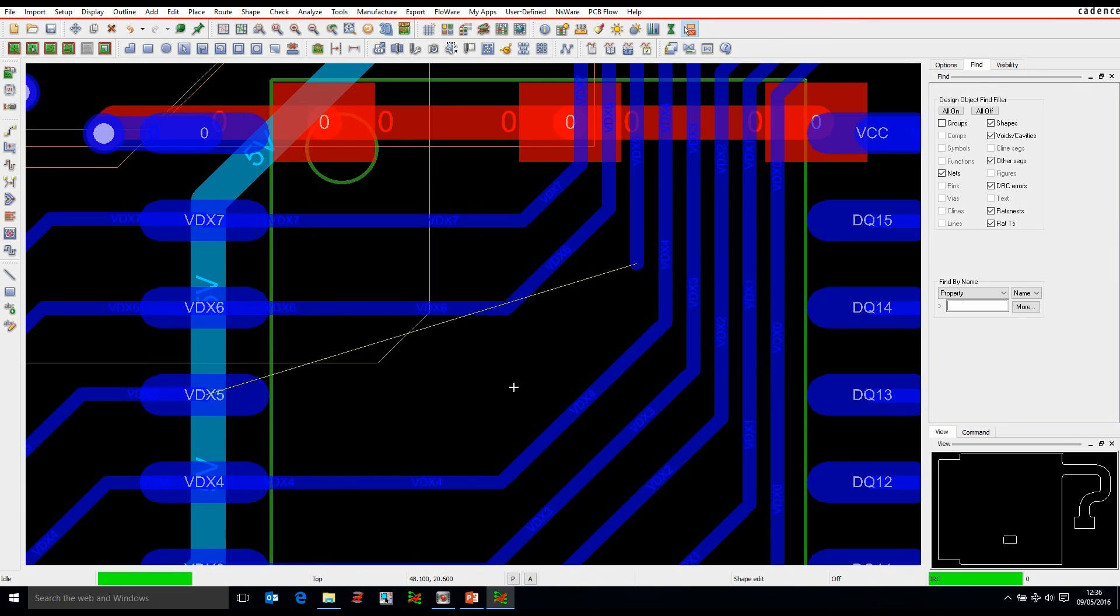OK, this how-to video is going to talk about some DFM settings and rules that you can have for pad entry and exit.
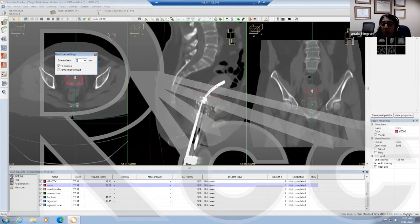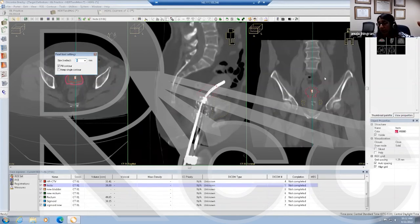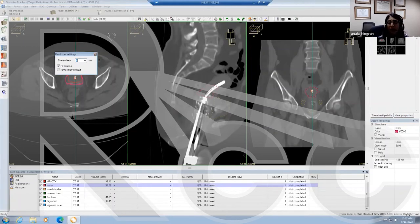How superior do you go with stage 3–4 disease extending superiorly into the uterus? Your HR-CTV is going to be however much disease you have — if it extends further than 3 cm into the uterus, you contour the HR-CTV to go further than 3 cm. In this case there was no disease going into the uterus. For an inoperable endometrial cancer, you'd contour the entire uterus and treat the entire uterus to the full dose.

---

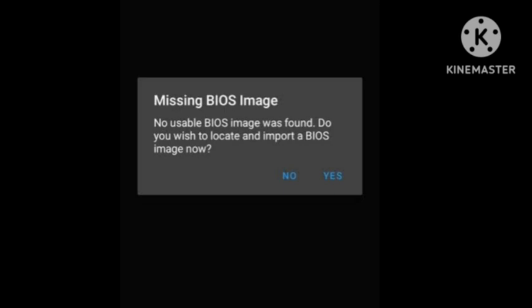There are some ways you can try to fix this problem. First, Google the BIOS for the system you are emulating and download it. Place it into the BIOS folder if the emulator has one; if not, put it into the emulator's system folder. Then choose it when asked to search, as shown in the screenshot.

--

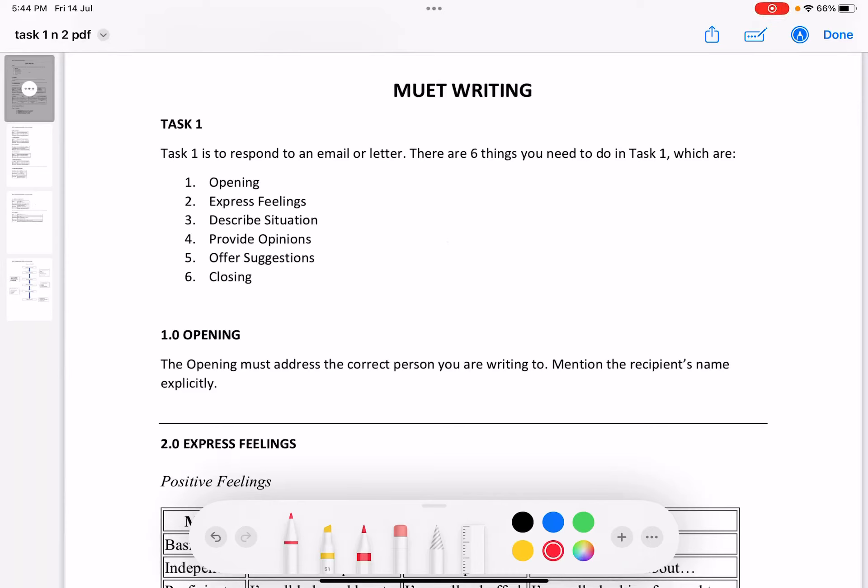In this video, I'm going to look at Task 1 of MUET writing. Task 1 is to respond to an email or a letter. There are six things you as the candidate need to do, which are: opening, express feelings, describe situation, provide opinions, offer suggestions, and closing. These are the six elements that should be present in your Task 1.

TO DO >>
For this exercise, please set down exactly the lines of the listing above from the line with "OK, this how-to" up to and including the line with "How superior do", and no pictures.

ANSWER AREA >>
OK, this how-to video is going to talk about some DFM settings and rules that you can have for pad entry and exit.
How superior do you go with stage 3–4 disease extending superiorly into the uterus? Your HR-CTV is going to be however much disease you have — if it extends further than 3 cm into the uterus, you contour the HR-CTV to go further than 3 cm. In this case there was no disease going into the uterus. For an inoperable endometrial cancer, you'd contour the entire uterus and treat the entire uterus to the full dose.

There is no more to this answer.